MATERIALS PROVIDED:
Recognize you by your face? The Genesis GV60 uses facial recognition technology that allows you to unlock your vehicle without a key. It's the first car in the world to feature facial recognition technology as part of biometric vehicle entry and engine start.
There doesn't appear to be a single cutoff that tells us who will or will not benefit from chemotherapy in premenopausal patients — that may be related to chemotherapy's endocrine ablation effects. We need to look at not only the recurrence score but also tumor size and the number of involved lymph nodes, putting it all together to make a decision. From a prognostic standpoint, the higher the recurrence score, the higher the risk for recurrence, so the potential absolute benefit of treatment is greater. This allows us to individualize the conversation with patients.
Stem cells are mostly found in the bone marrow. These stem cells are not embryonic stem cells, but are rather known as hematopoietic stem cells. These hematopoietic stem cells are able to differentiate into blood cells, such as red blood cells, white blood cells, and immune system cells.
---
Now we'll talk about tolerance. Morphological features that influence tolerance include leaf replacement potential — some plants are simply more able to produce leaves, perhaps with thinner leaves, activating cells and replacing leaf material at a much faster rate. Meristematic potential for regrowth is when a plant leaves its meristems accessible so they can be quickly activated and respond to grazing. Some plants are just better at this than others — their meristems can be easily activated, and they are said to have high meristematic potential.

YOUR GOAL:
Select and copy every line from the records that includes the word "allows".

ANSWER SPACE:
Recognize you by your face? The Genesis GV60 uses facial recognition technology that allows you to unlock your vehicle without a key. It's the first car in the world to feature facial recognition technology as part of biometric vehicle entry and engine start.
There doesn't appear to be a single cutoff that tells us who will or will not benefit from chemotherapy in premenopausal patients — that may be related to chemotherapy's endocrine ablation effects. We need to look at not only the recurrence score but also tumor size and the number of involved lymph nodes, putting it all together to make a decision. From a prognostic standpoint, the higher the recurrence score, the higher the risk for recurrence, so the potential absolute benefit of treatment is greater. This allows us to individualize the conversation with patients.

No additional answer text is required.